La Habra’s Community Service Officers are CSI champions.
Using their crime scene investigation training and analytical minds, the two officers process the majority of the crime scenes in La Habra, collecting DNA, fingerprints, and other types of evidence for examination.
The CSI program began in 2010 when CSO Ken Gustin and CSO Christina Nuñez received POST-certified (Peace Officer Standards and Training) instruction in crime scene investigation.
“It was just absolutely fascinating,” Nuñez said of the CSI classes.
Until then, the department contracted with nearby agencies for CSI services. But the wait time for someone to arrive to process a scene could be hours long, with victims unable to re-enter their home or business in the meantime.
Nuñez and Gustin’s training allowed the agency to eventually end its CSI contracts, saving both time and money on most cases. CSI for attempted homicide and homicide cases is handled by the Orange County Sheriff’s Department’s Crime Lab, Gustin said.
The two trained in every CSI class offered, including basic CSI, photography, tracking footprints, advanced fingerprinting, impressions, and collecting DNA evidence.
“One of the first things I got to do was a recovery on a stolen vehicle after I had taken the first set of classes,” Nuñez said. “I thought, ‘I wonder if this really works.’ So, I swabbed the steering wheel, the gear shift, and the inside of the door handle. I was shocked when they said, ‘We’ve got a hit from your swabs.’ I was kind of excited about that.”
Gustin, who’s been a CSO at La Habra for more than 10 years, was a Los Angeles County Sheriff’s Deputy for more than 9 years before joining the La Habra Police Department. He and Nuñez are currently training two additional CSOs.
“Most of our days are spent with investigating traffic collisions,” Gustin said. “She and I are the only two that investigate our hit-and-runs.”
Traffic collision investigations also require CSI work, Gustin said.
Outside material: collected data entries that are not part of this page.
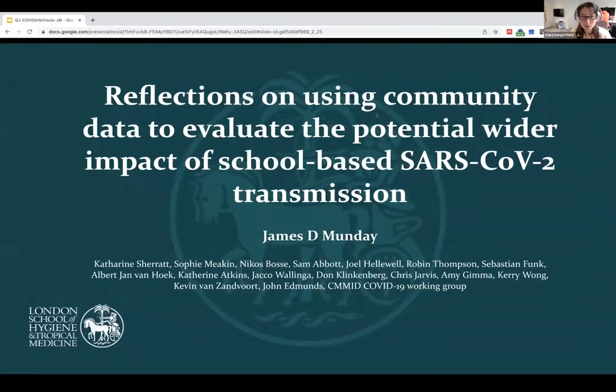Our first session is going to focus on the first of those three parts of the puzzle that Tristan was talking about. This first session is going to look at what we've learned from COVID - specifically the role that schools play in community transmission. I'd like to welcome our first speaker, James Mundy from the London School of Hygiene and Tropical Medicine. James is going to talk to us about work looking at using community data to evaluate the potential wide impact of school-based SARS-CoV-2 transmission - lessons learned and reflections. Feel free to put questions in the chat or raise a hand at the end. So with that, I'll pass over to you, James.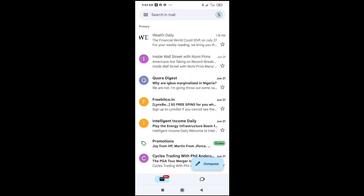Good day everyone. In this video today, I will show you how to copy text from email to WhatsApp.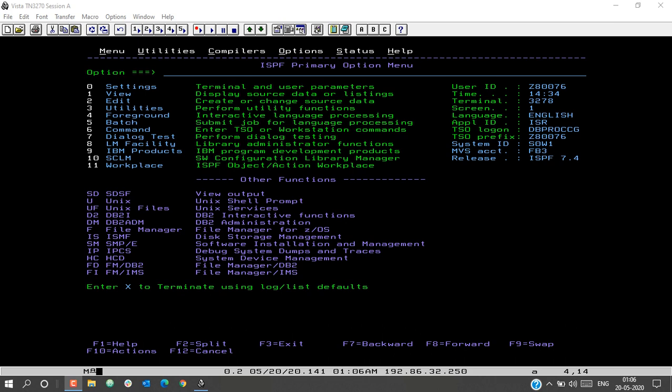This video will explain in-stream and cataloged procedures in Job Control Language, or JCL. JCL is a scripting language used in the mainframe z/OS environment to run batch jobs. A JCL can be used to compile or run a COBOL program, a COBOL DB2, or a COBOL DB2 CICS program.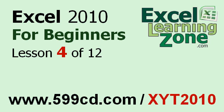Welcome back to Excel 2010 for Beginners, brought to you by ExcelLearningZone.com. This is Lesson 4 of 12. If you landed on this lesson first, you can click on the link in the video window above to start back at the beginning.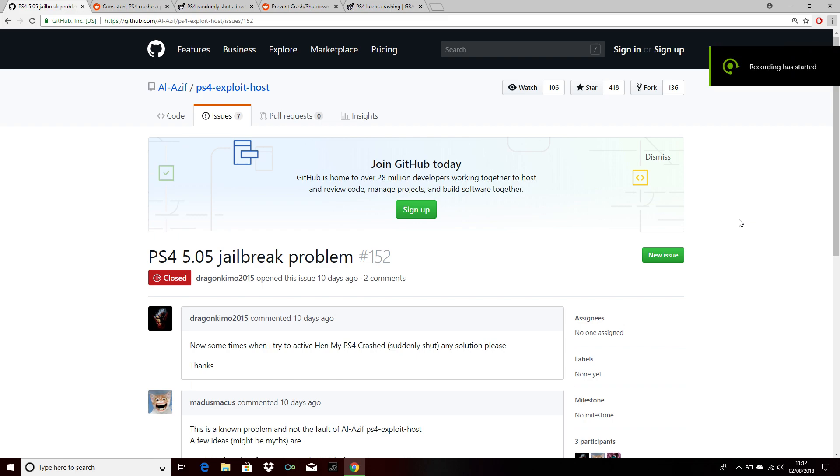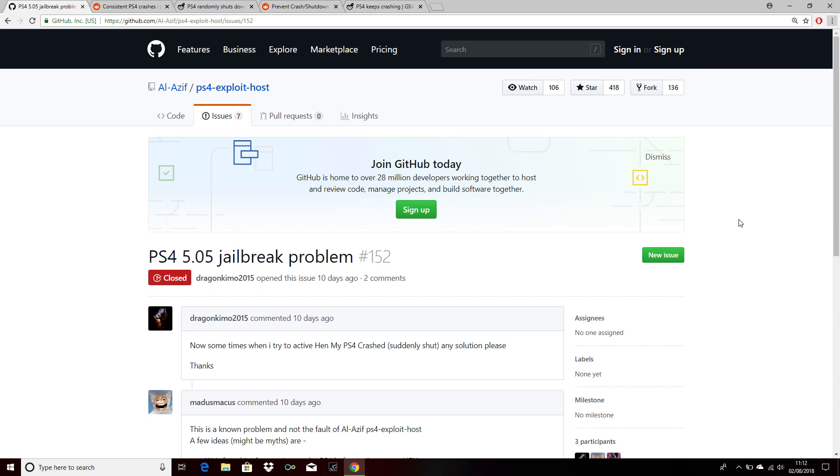Hi guys, welcome to my YouTube channel. In this video, I will show you the solution for fixing PS4 crash after running the exploit. Many people are saying that their PS4 crashes after running the exploit, and some people...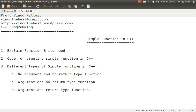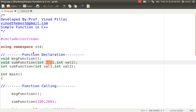If you pass values, the function processes only those values, and after processing, the result is returned back to you — that is a function with argument and return type. These are the three major types of functions. It may also be possible to have no argument but with a return type, but that is easily understood once you understand the first three. So majorly: no argument no return type, argument with no return type, and argument with return type.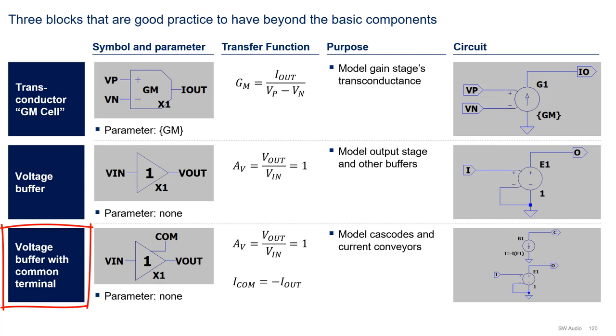The voltage buffer with common terminal is an extension of the voltage buffer, where an extra terminal captures the output current in the buffer as shown here. This block is used to model cascodes and current conveyors.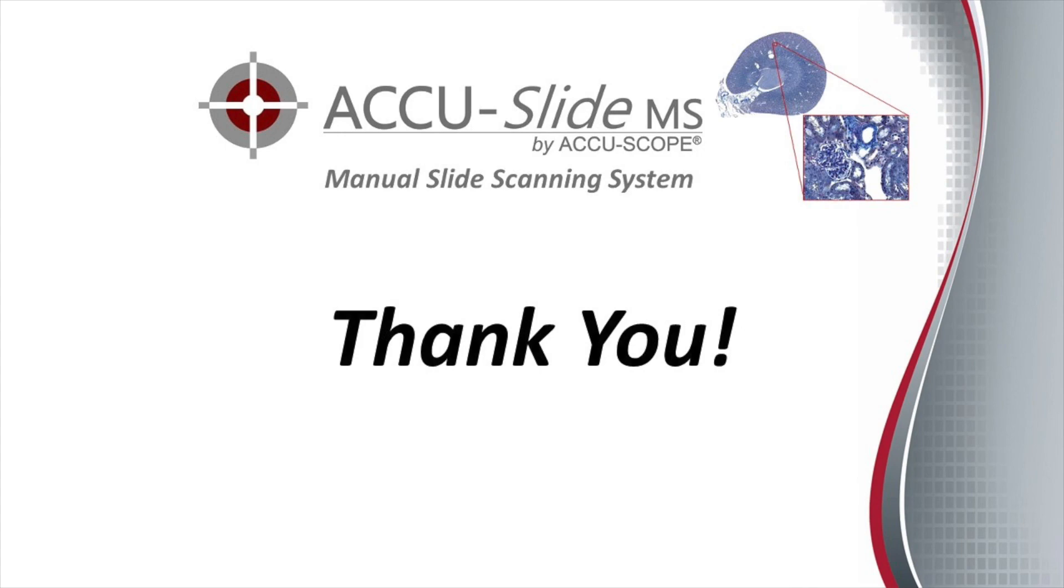AccuSlide MS. Before using AccuSlide MS for the first time, please watch the tutorials on camera and scan settings and scanning a slide.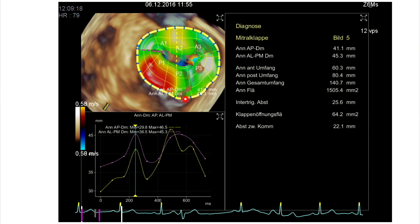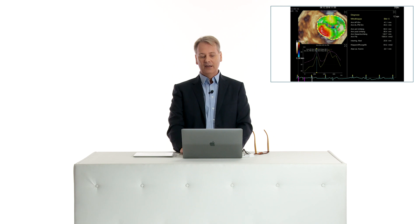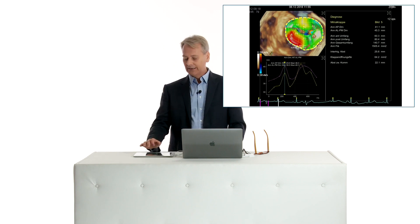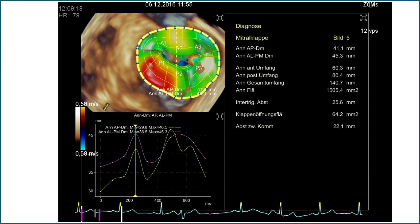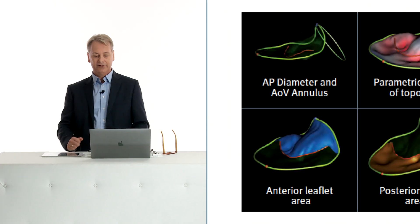Red indicates prolapsing structures — a nice way of taking one image, giving it to the surgeon, and telling them this is the problem with the valve. This form of calculation is now being more and more applied in 3D systems. We do not yet know how these measurements play a role in clinical practice, but as time goes on there will be studies which use these measurements to make clinical decisions.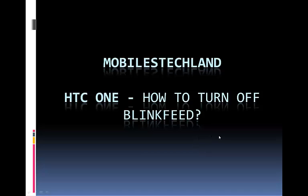Hello friends, welcome to Mobile's Techland. Today I'm going to show you how to turn off the BlinkFeed on HTC One.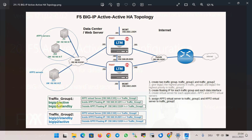Active-active configuration requires at least two traffic groups. In traffic group 1, created automatically in active-standby configuration, BIG-IP1 is active and BIG-IP2 is standby. For traffic group 2, which needs to be added, it is the opposite — BIG-IP1 is standby and BIG-IP2 is active. We also need two virtual servers: App1 with IP 2.101 assigned to traffic group 1, and App2 with IP 2.102 assigned to traffic group 2.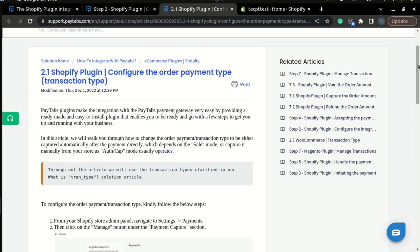Now here we want to learn how to change or configure your payment transaction to be either captured automatically after the payment directly, like in the sale mode or the sale transaction type, or to capture it manually from your store using the auth and cap mode.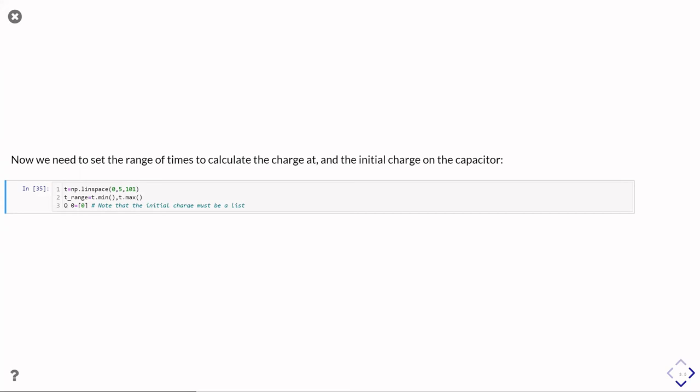which is a tuple of two elements, so minimum time and the maximum time. And then the other thing I set up is the initial charge. That's q_zero.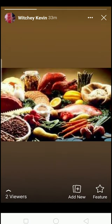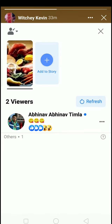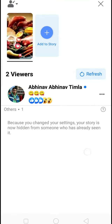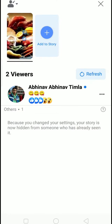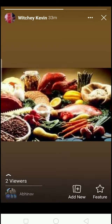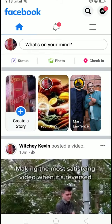But if you post a story, it's a completely different thing. In a Facebook story, you can see who reacted to your story, who the people are who viewed it, and the number of views. My Facebook story has two views and a reaction from one of my friends, as you can see.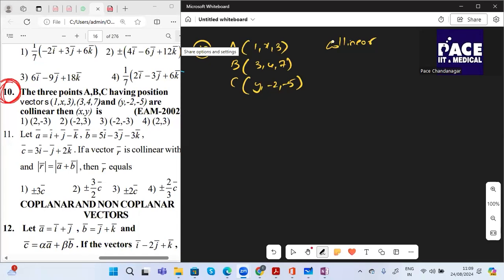Good morning everyone. These are the questions given by sir and we are going to solve these questions.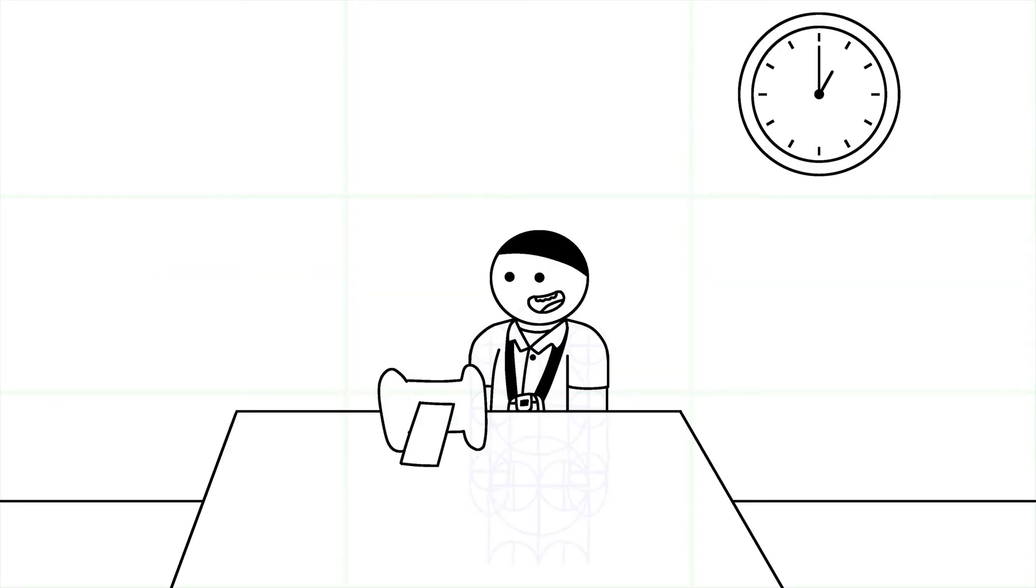Now that lunch break is over, it's time to get back to work, but I feel sleepy. Let me take a short nap.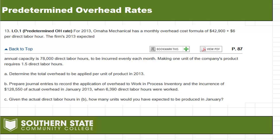In this chapter we are looking at overhead rates and how to budget and apply overhead. We're doing this in what we would call a normal costing environment. In earlier chapters we talked about an actual costing environment where we didn't record overhead until we actually had gotten a bill for it. In this environment we're going to make a guess and try to estimate what our overhead is going to be so we can apply it in real time instead of waiting for the bills to come in.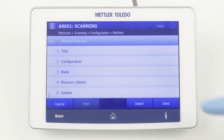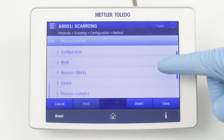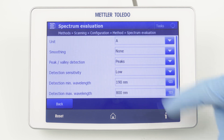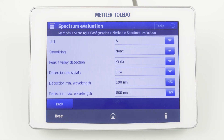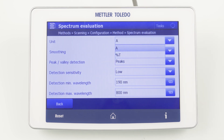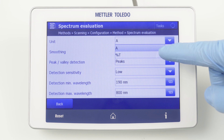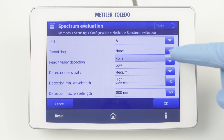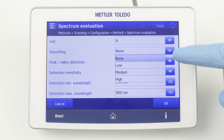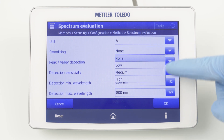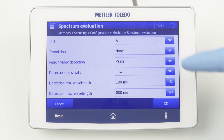The analysis tools, such as peak finding or smoothing, can be found under Spectrum Evaluation. Here we can select the unit of the spectrum — absorbance or transmittance. With smoothing, different degrees can be selected: low, medium, or high.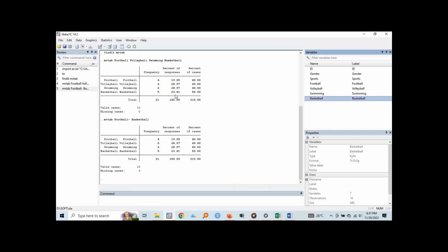Whereas for percent of cases, instead of getting it out of the total number of responses, it gets it out of the total number of cases or respondents. For example, this 40 percent was got out of 4 divided by 10, we get 40. 6 divided by 10, we get 60. Same here, then 5 divided by 10 we get 50. So those are the major differences between percent of responses and then the percent of cases. It's basically determined by which denominator was used and as I said, the most accurate one which we use in the reports is the percent of responses.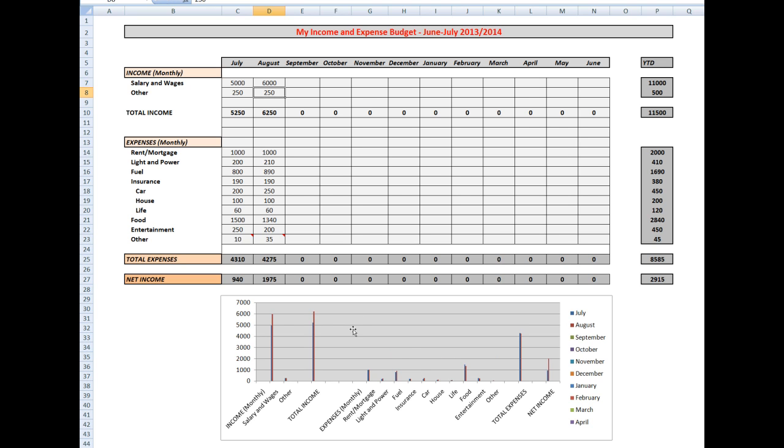The chart changes, the numbers that are dependent upon the income, the net income changes, the year to date over here. So I'll be showing you all of that.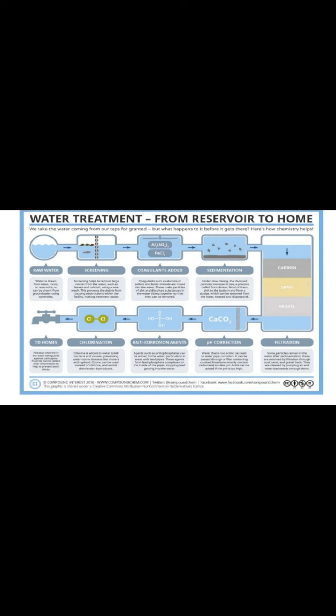Coagulants make the particles of dirt and dissolved substances in the water clump together so that they can be removed easily. Fine solid matter suspended in water — colloidal matter — does not settle down at the bottom of the sedimentation tank on its own. Coagulants are added before sedimentation to clump the colloidal solid matters. The coagulants stabilize the particles, then water is transferred into the sedimentation tank.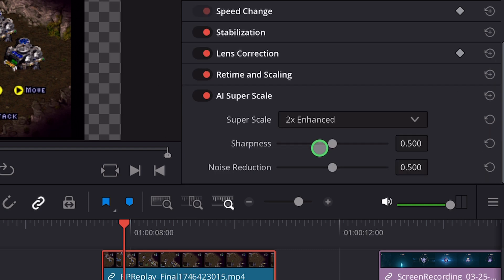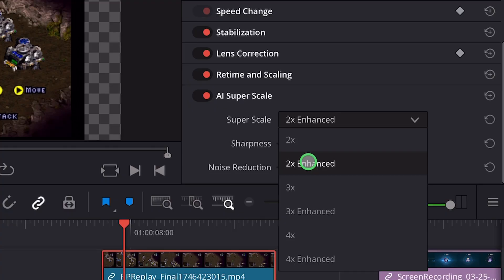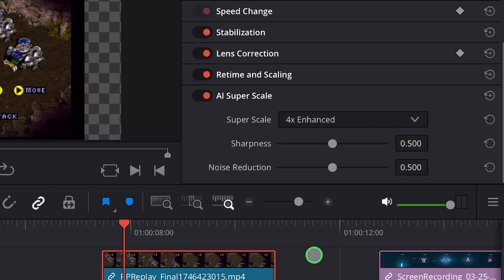I can activate this and you see now I can change which mode I want to use. I had the 2x enhanced. If you use enhanced it will also use more resources, so be careful — it will make your videos laggy and it will take more time to render. You can even go up to 4x and 4x enhanced, and you can change the sharpness and the noise reduction.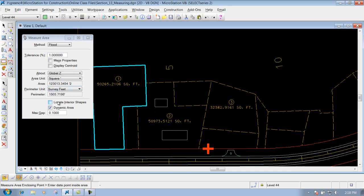Those are some of the options underneath your Measure Area tool that you can utilize whenever you're doing your plans production, or if you're trying to get areas for seeding and mulch, concrete, or other items. Thank you very much!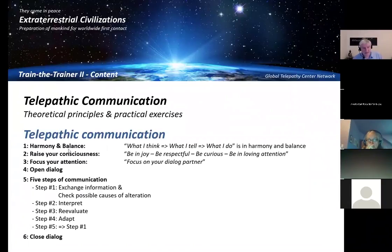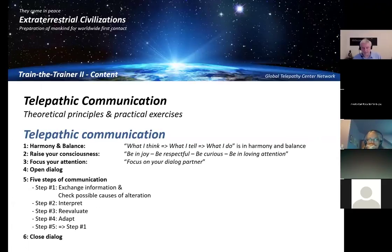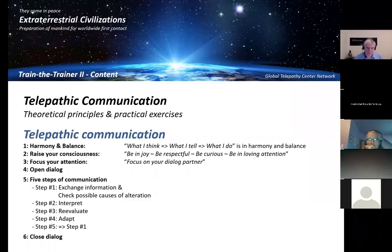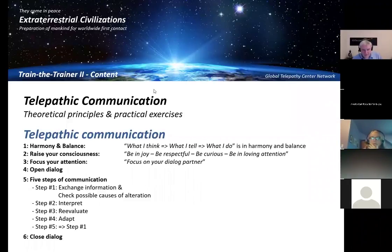The first item here is named harmony and balance, and that is very, very important. You see here on the right side there is some explanation for what is meant by harmony and balance, and what I would like to cover today — we have covered similar things in part one as well — but what I would like to cover today is this here.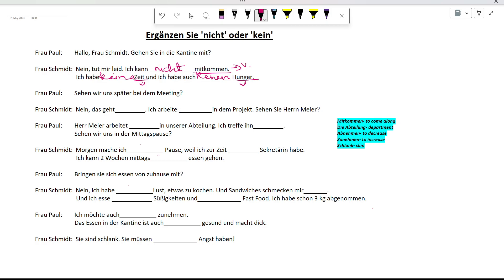Sehen wir uns später bei dem Meeting? Nein, das geht nicht. Ich arbeite nicht in dem Projekt. Sehen Sie Herrn Meyer? Nein. Herr Meyer arbeitet nicht in unserer Abteilung. Ich treffe ihn nicht. Sehen wir uns in der Mittagspause? Here we are negating the two verbs arbeiten and treffen, hence nicht has been used.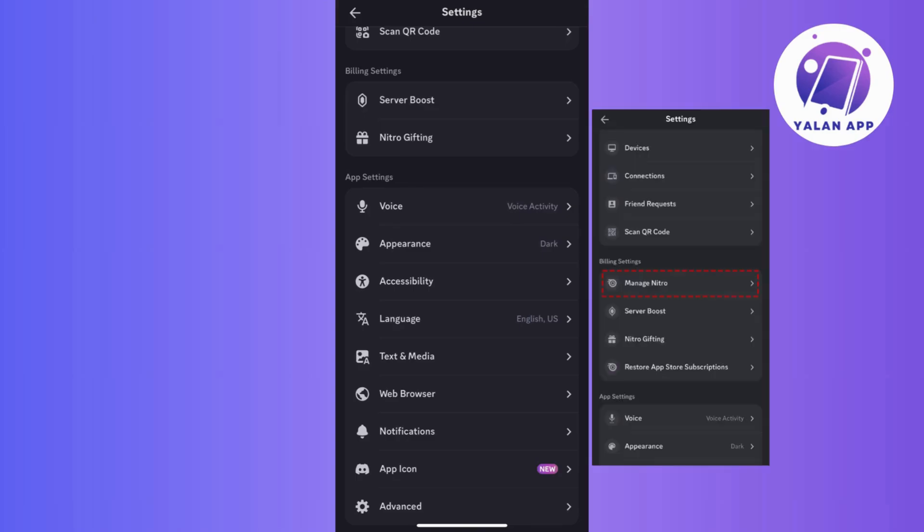But, if you do have Nitro, then you'll find the option to manage it. Just look out for the manage Nitro button, it's usually right around here.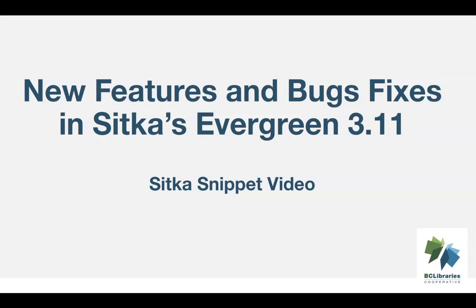This video shows new features and bug fixes that libraries will see after our upgrade to Evergreen 3.11. What is shown is not an exhaustive list and libraries may see additional features and fixes after the upgrade.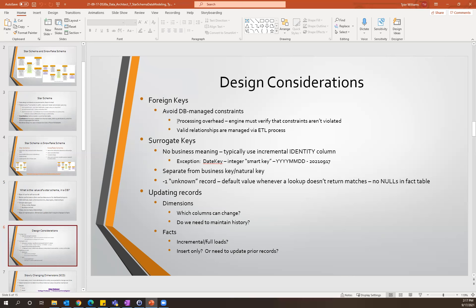By not having the foreign keys, you don't have to worry about that overhead. And really, in a well-designed system it shouldn't be much of an issue anyway, because your ETL process should be validating those relationships. When inserting data into the fact tables, you'll necessarily be doing lookups against your dimension tables to get the appropriate keys to insert into the fact table. So you shouldn't have any instances where there's the possibility of inserting invalid keys.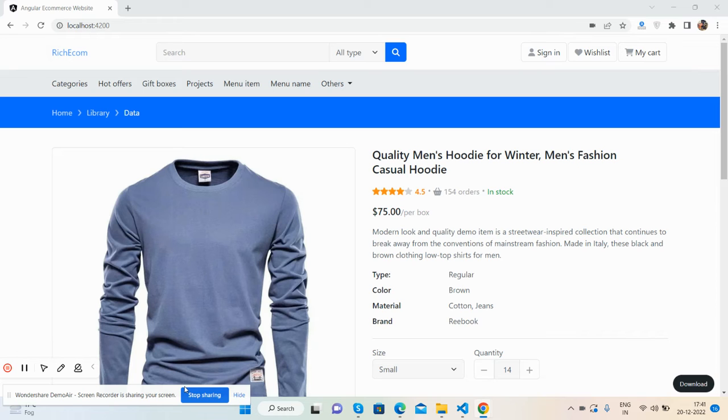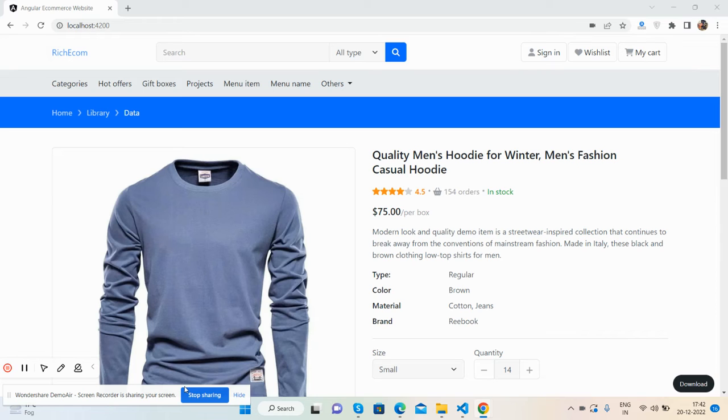Angular 15 e-commerce site single product page. Guys, in the last video I showed you the shop page, and now the single product page. Before showing you the working demo and code, please watch the video till the end and subscribe to my channel for the latest Angular updates.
For example, he said, “In hit and run investigations, a lot of times the registered owner is not the one driving… We look for paperwork, receipts etc. in the car that could identify who may have been driving and if the airbags have been deployed we collect those on the off chance that the driver may have left DNA behind.”
Gustin and Nuñez are always ready to roll, with their police vehicles full of CSI equipment, including a ladder, fingerprint kit, professional camera and flash, flashlights, envelopes for collecting DNA, numbered placards to mark crime scene evidence, a first aid kid, crime scene tape, a notebook for collecting elimination fingerprints, and a tape roller that measures distance between pieces of evidence.
Besides accident investigations they also handle quite a few CSI calls involving commercial and residential burglaries, Gustin said.
“We’re… taking photos, we look and see if there’s any fingerprints at point of entry,” Gustin said. “If there’s any blood, obviously we’re going to collect that for evidence.”
It can be difficult finding evidence at residential burglary scenes, Nuñez said, because the more people that live in the home, the more difficult it is to pull out foreign fingerprints or DNA. Nonetheless, Gustin and Nuñez have had several lucky finds: one burglar left his water bottle on a window ledge, another left blood on a broken window shard, and in yet another case the burglar left behind pieces of a torn glove.
“I collected all the little pieces and of course they’re going to get DNA,” Nuñez said. “My favorite part of the job is getting hits from the evidence that I think is really good, really strong.”